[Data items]
————————

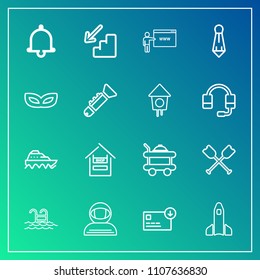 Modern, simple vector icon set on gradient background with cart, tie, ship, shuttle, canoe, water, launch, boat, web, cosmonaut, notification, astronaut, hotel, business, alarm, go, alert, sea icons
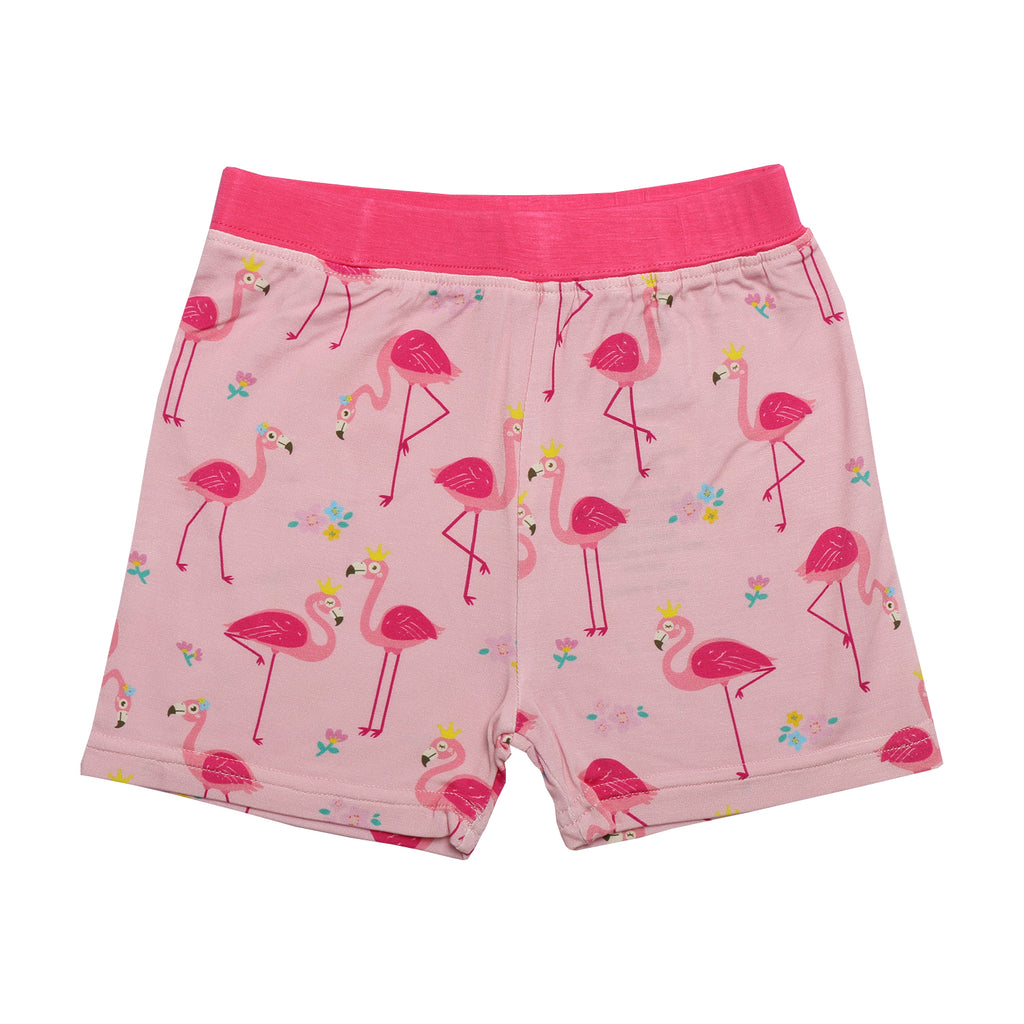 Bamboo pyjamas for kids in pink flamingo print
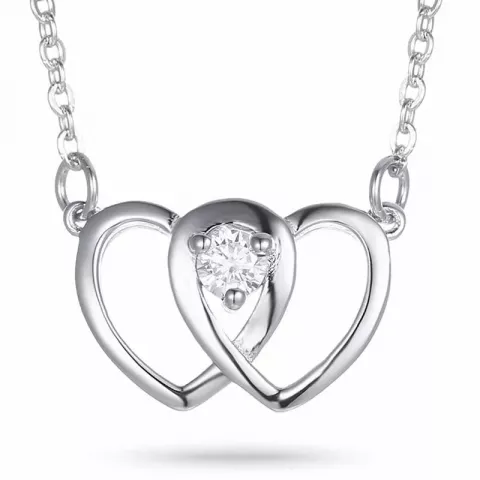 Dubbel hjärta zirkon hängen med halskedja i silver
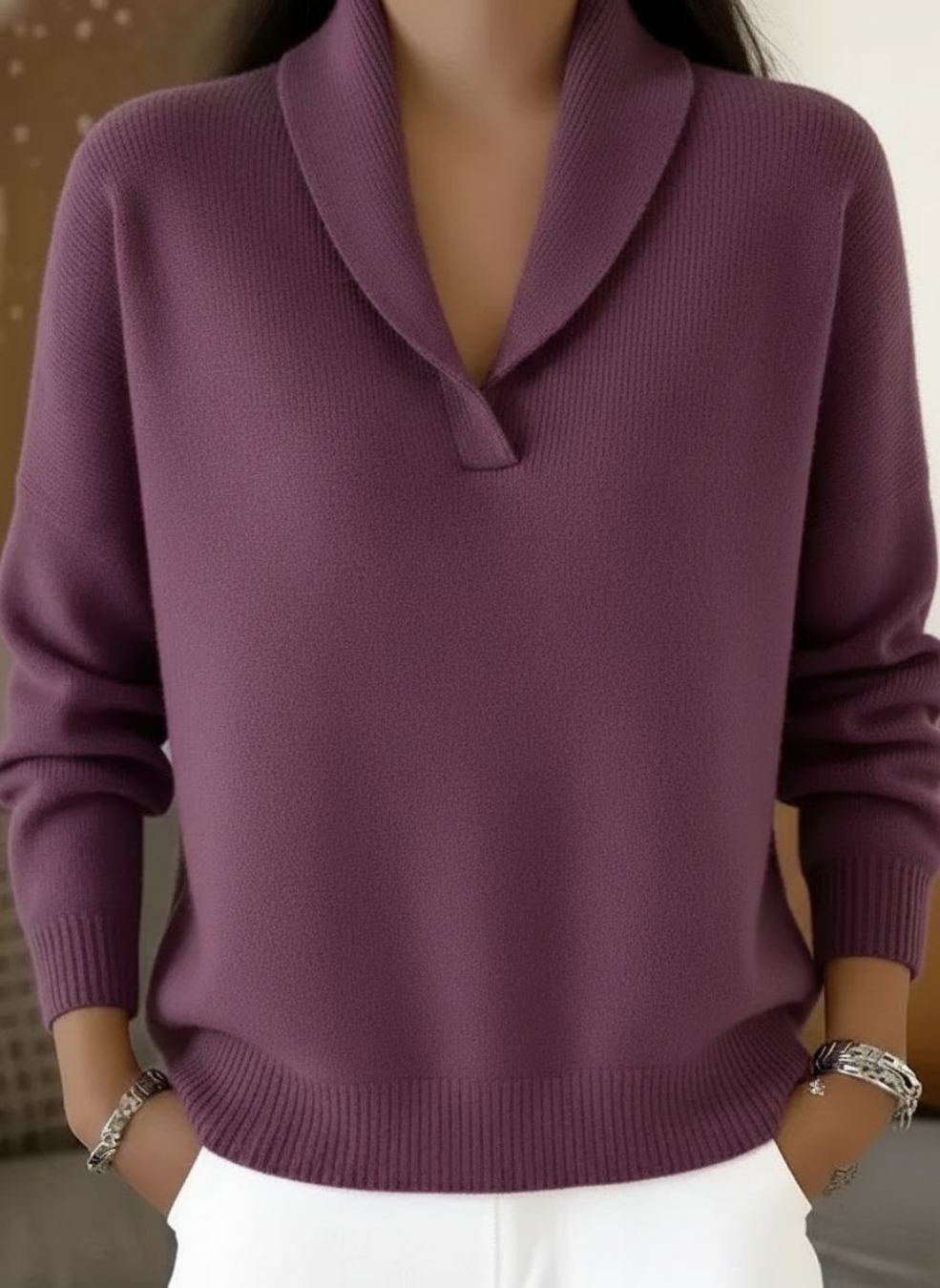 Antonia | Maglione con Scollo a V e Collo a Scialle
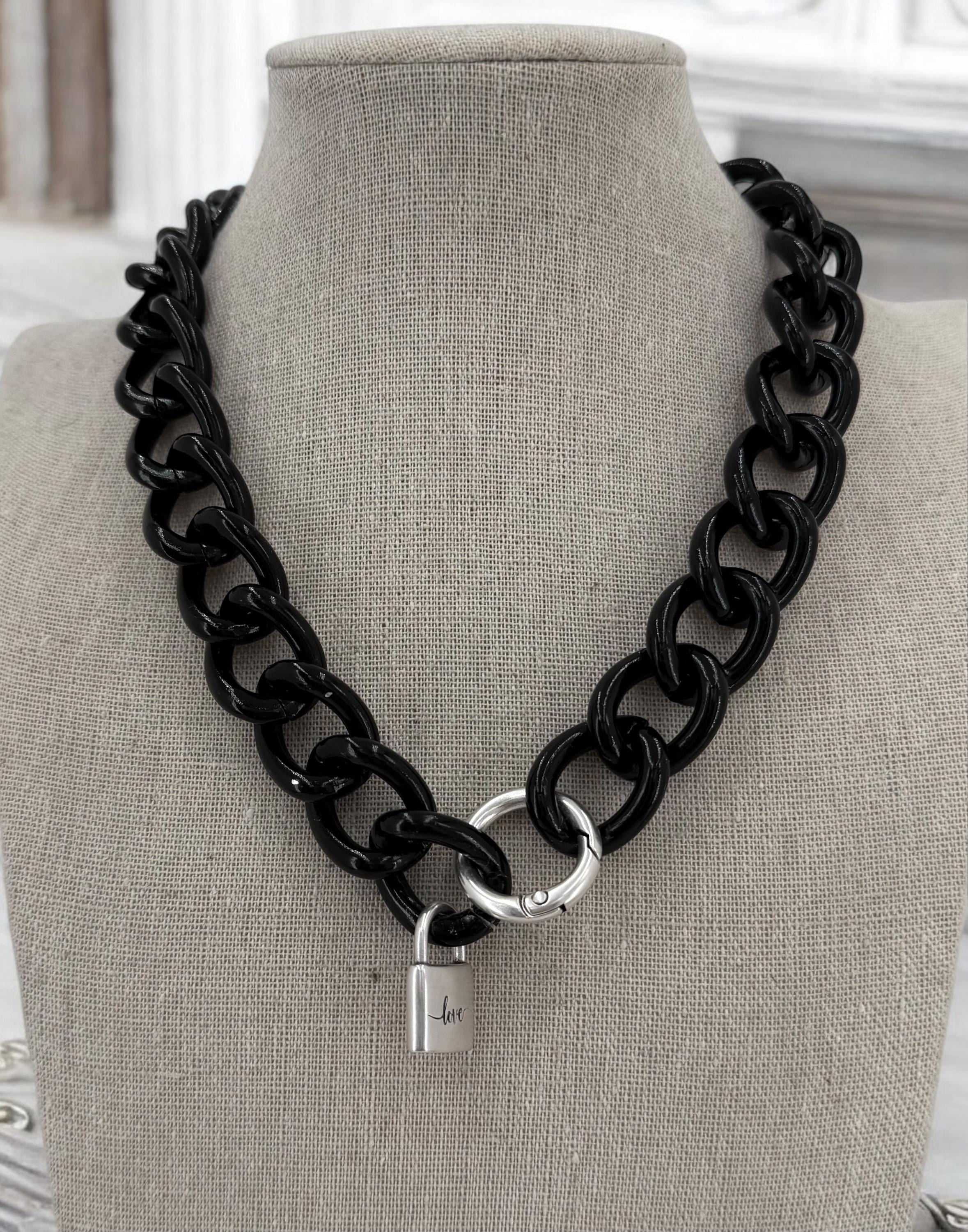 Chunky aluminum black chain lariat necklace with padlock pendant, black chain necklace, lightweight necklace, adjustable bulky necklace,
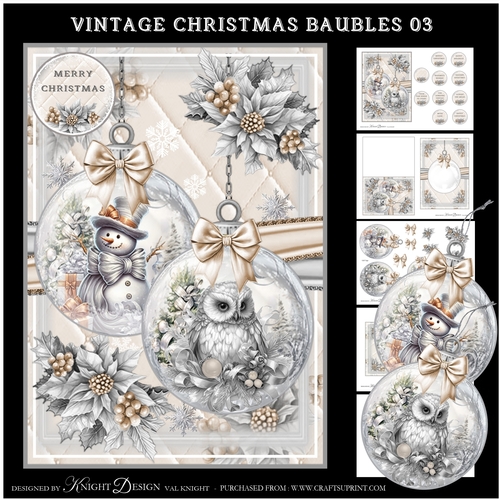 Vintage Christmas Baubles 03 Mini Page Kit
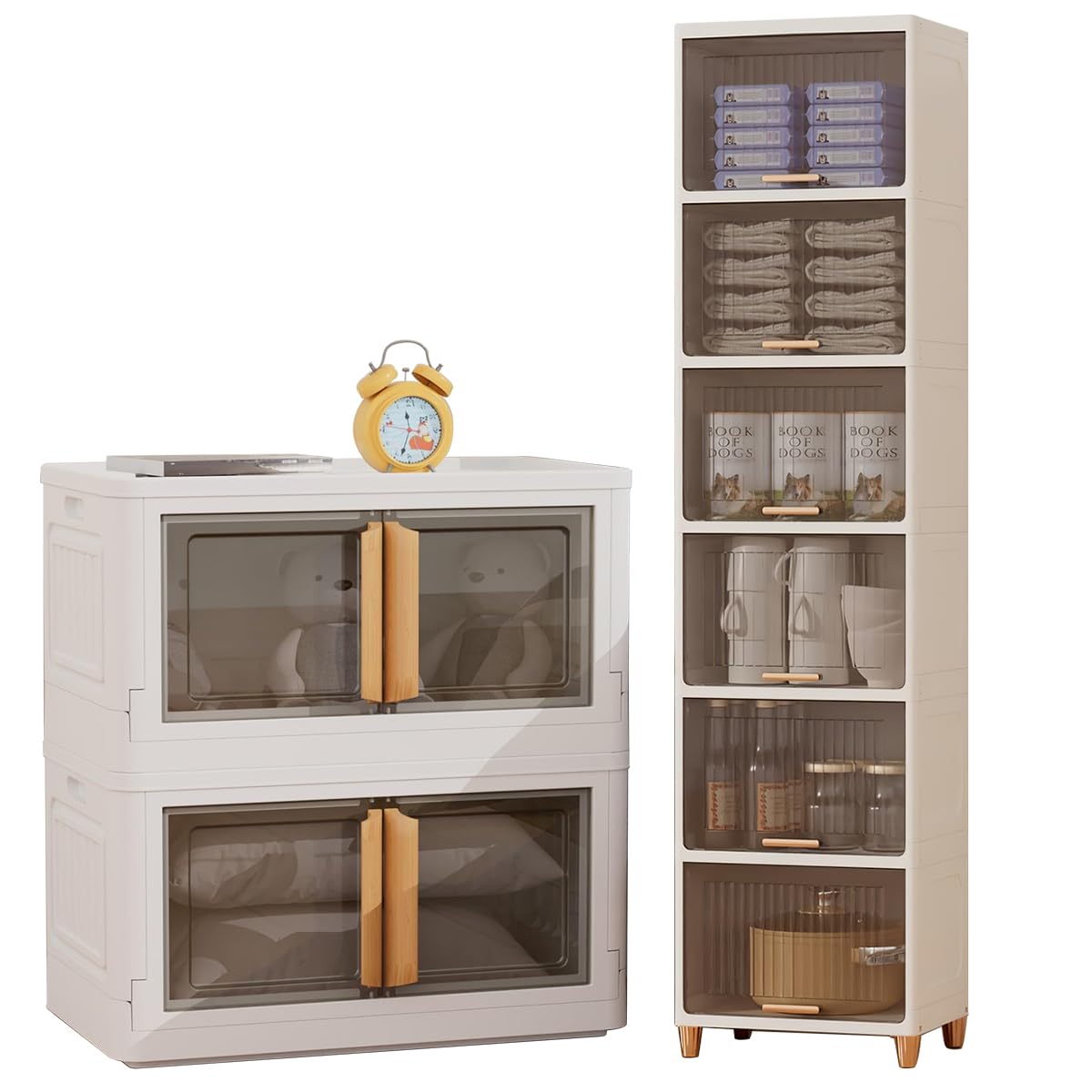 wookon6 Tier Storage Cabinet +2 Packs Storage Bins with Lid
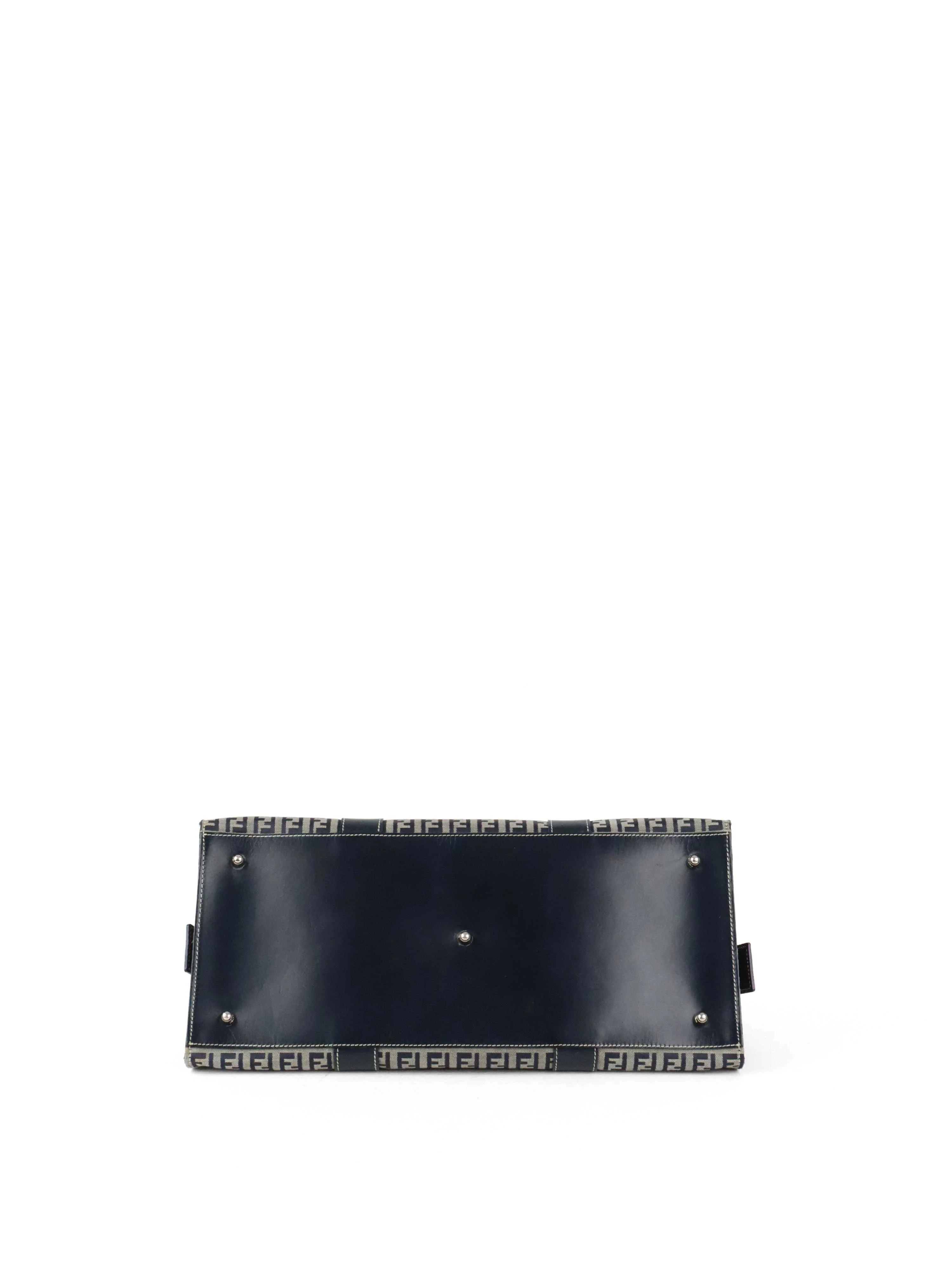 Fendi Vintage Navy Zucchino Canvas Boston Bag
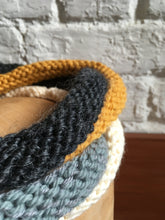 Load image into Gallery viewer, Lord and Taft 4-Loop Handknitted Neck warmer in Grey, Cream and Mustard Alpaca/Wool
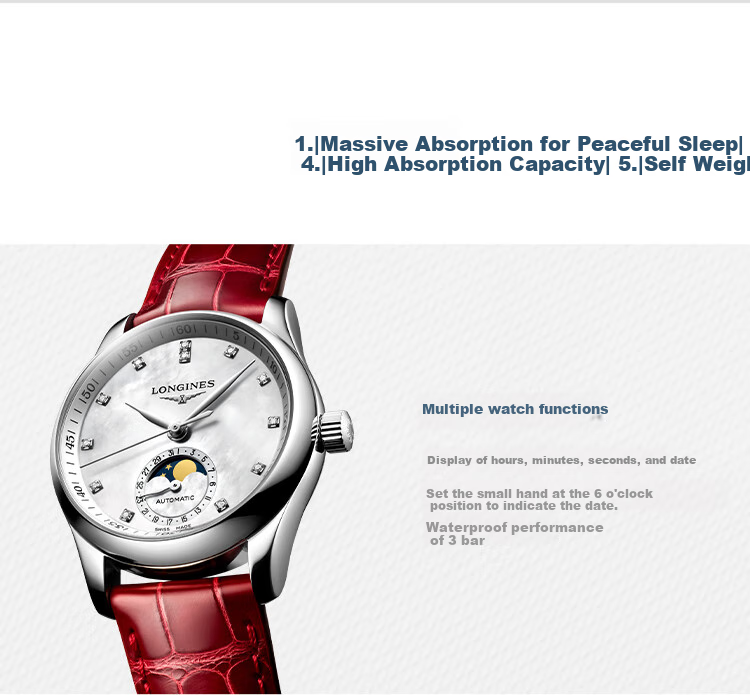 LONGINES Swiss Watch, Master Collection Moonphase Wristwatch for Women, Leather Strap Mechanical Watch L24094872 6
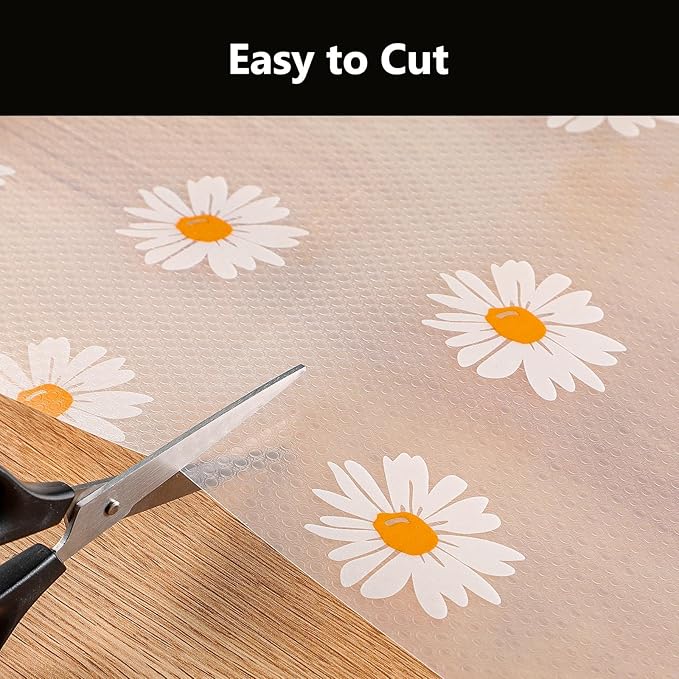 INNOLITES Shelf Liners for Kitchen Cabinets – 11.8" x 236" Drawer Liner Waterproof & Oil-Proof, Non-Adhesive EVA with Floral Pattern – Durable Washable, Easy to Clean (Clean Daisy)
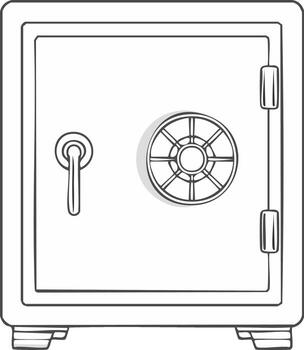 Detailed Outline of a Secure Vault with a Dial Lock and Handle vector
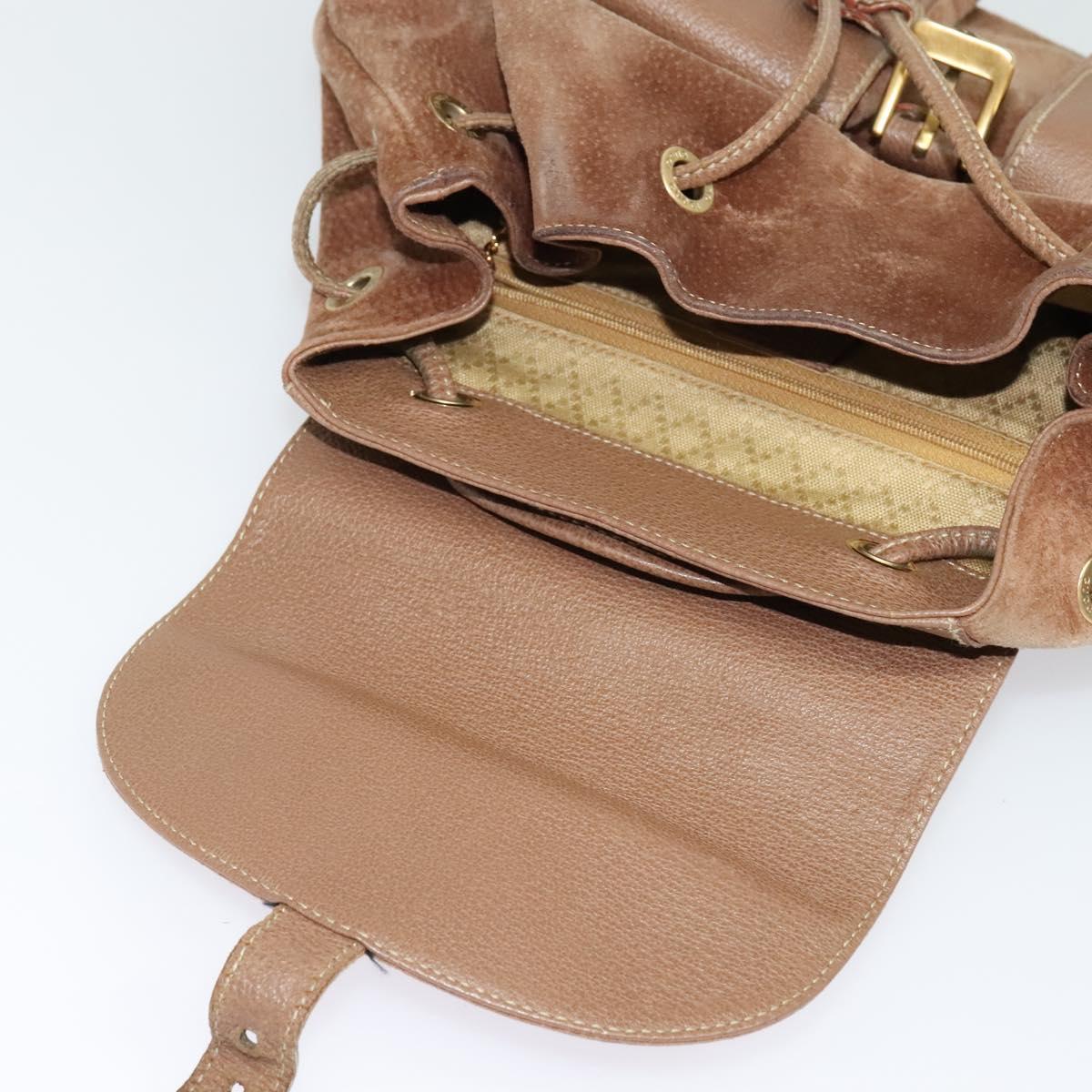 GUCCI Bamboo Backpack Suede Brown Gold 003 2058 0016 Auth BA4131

————————

# Problem statement:
Set down nothing but the lines from the one containing "Chunky aluminum black" to the final line above, both included, with every picture left out.

# Solution:
 Chunky aluminum black chain lariat necklace with padlock pendant, black chain necklace, lightweight necklace, adjustable bulky necklace,
 Vintage Christmas Baubles 03 Mini Page Kit
 wookon6 Tier Storage Cabinet +2 Packs Storage Bins with Lid
 Fendi Vintage Navy Zucchino Canvas Boston Bag
 Load image into Gallery viewer, Lord and Taft 4-Loop Handknitted Neck warmer in Grey, Cream and Mustard Alpaca/Wool
 LONGINES Swiss Watch, Master Collection Moonphase Wristwatch for Women, Leather Strap Mechanical Watch L24094872 6
 INNOLITES Shelf Liners for Kitchen Cabinets – 11.8" x 236" Drawer Liner Waterproof & Oil-Proof, Non-Adhesive EVA with Floral Pattern – Durable Washable, Easy to Clean (Clean Daisy)
 Detailed Outline of a Secure Vault with a Dial Lock and Handle vector
 GUCCI Bamboo Backpack Suede Brown Gold 003 2058 0016 Auth BA4131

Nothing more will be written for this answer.